# Cologne Pics



## digger don (Apr 13, 2009)

This 1 is on ebay now


----------



## digger don (Apr 13, 2009)

pic 2


----------



## digger don (Apr 13, 2009)

pic 3


----------



## digger don (Apr 13, 2009)

pic 4


----------



## digger don (Apr 13, 2009)

pic 5


----------



## bottlediger (Apr 13, 2009)

Smash em or give em to doug

 Digger Ry


----------



## bottlediger (Apr 13, 2009)

Wait so these are your prized bottles ive been hearing about?

 Digger Ry


----------



## digger don (Apr 14, 2009)

Ry  It's not nice to smash these nice pontiled bottles.Your talking crazy!


----------



## digger don (Apr 14, 2009)

Here is another one Ryan  wanted to smash but I  grabbed it and brought it home . And Ryan its not nice to make fun of other people collections . Even if you do have the nicest bromo seltzer collection I've ever seen. LOL


----------



## digger don (Apr 14, 2009)

pic 2


----------



## GuntherHess (Apr 14, 2009)

When they dig diamonds up in South Africa they dont throw away the ones with flaws.


----------



## bottlediger (Apr 14, 2009)

Don makes fun of me for taking home broken pottery to put back togeather so I bust his balls on his broken cologne collection.

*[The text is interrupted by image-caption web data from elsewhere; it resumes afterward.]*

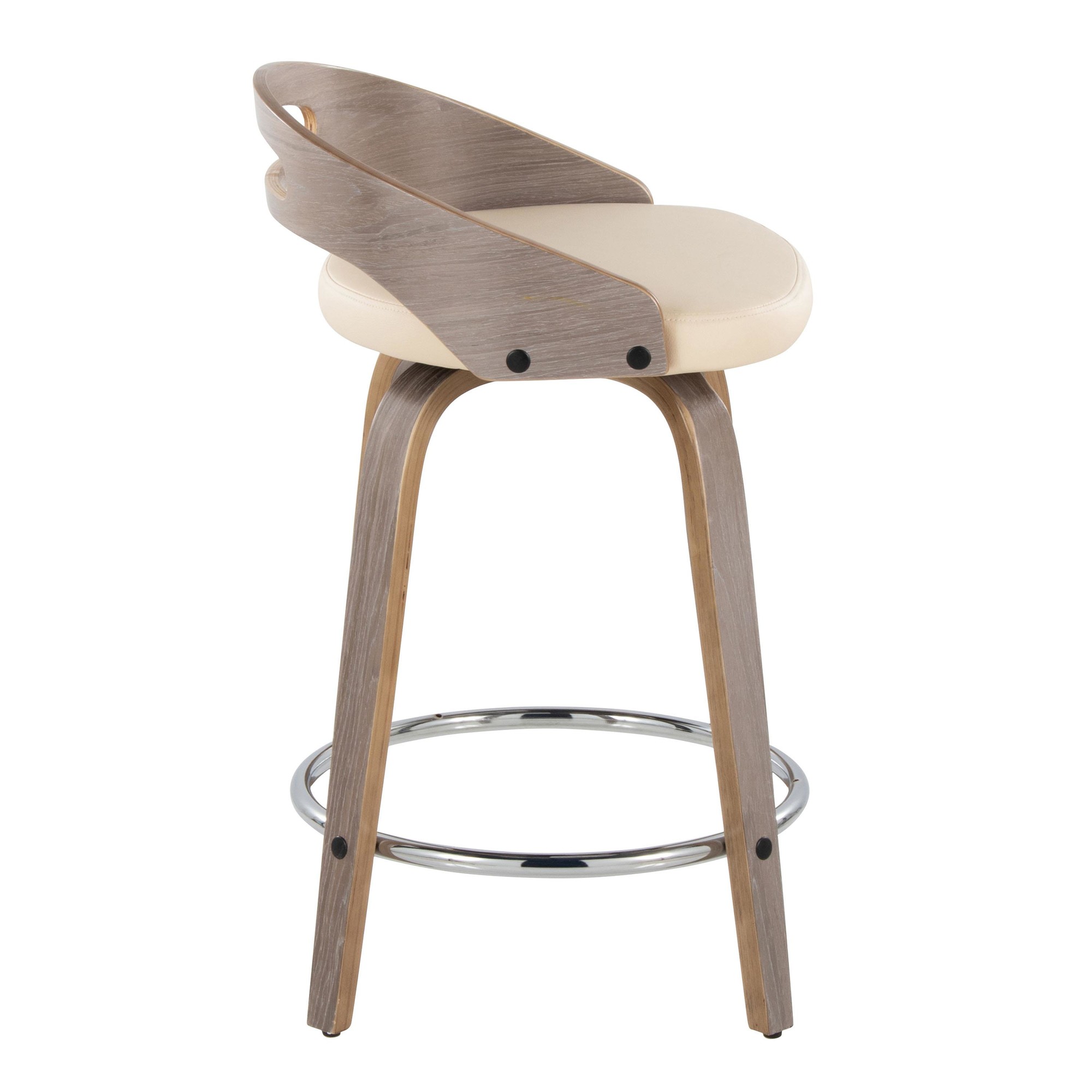 Cassis Light Grey Wood Cream Swivel Counter Stools (Set of 2) 5 Cassis Light Grey Wood Cream Swivel Counter Stools (Set of 2) - Image 5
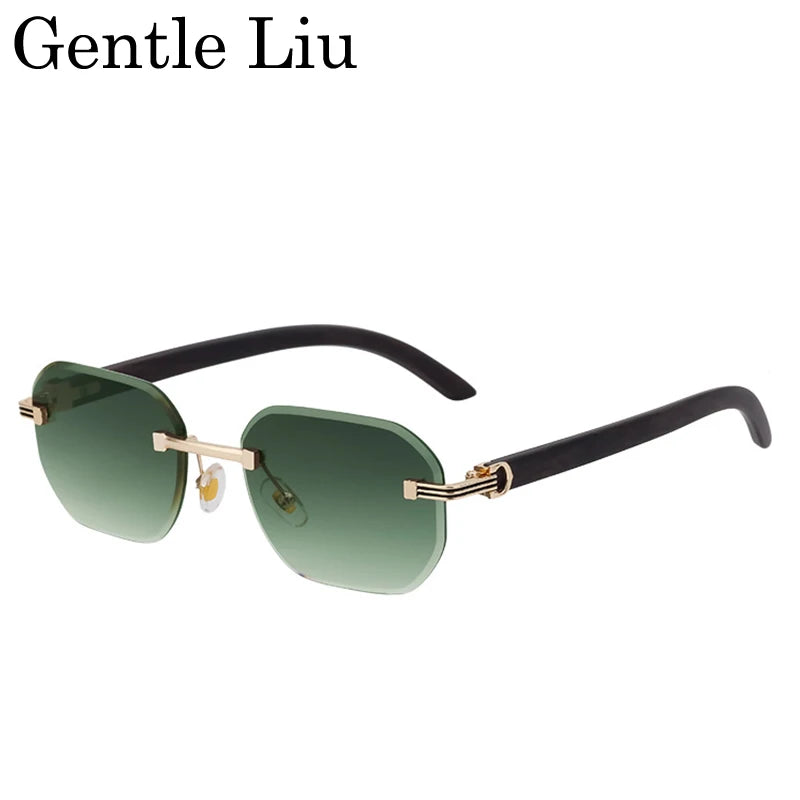 Vintage Square Rimless Sunglasses for Men – Frameless Punk Eyewear with UV400 Lenses, Trendy 2026 Fashion Glasses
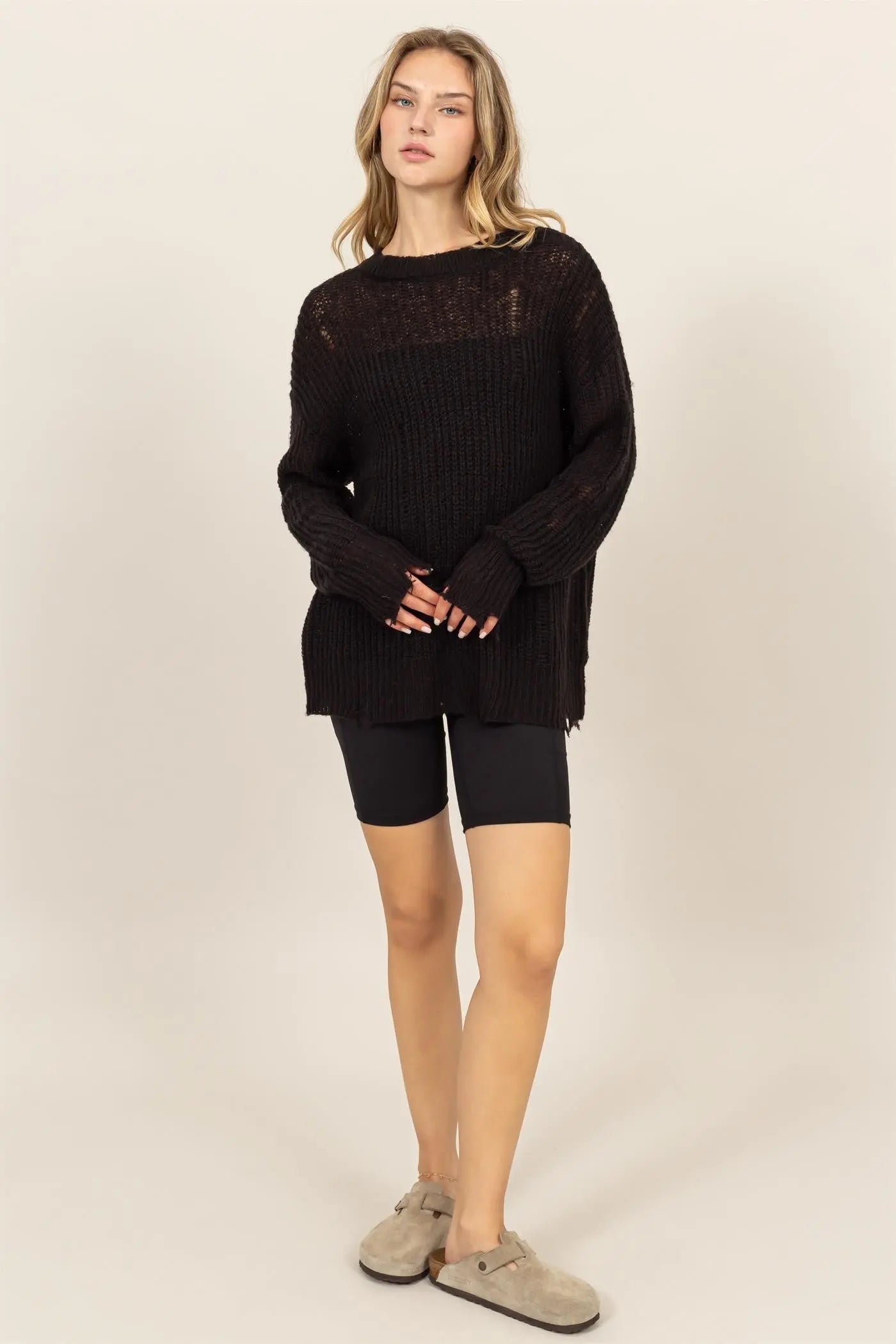HYFVE Distressed Long Sleeve Knit Top-Very Besty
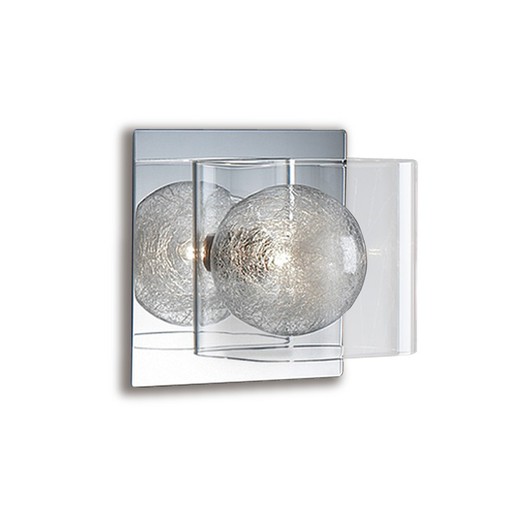 Metal og glas væglampe Eclipse, 16x15x16cm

I think I have some nice colognes laying around here don if you want to trade for a nice soda or two[] And your right I am very jelouse of his screwtop bromo and broken milk top collection [:-]
 Hey you should post a link on the form with your nice blue OP utility so more people can see it, it should do a lot better than what its at.

 Digger Ry


----------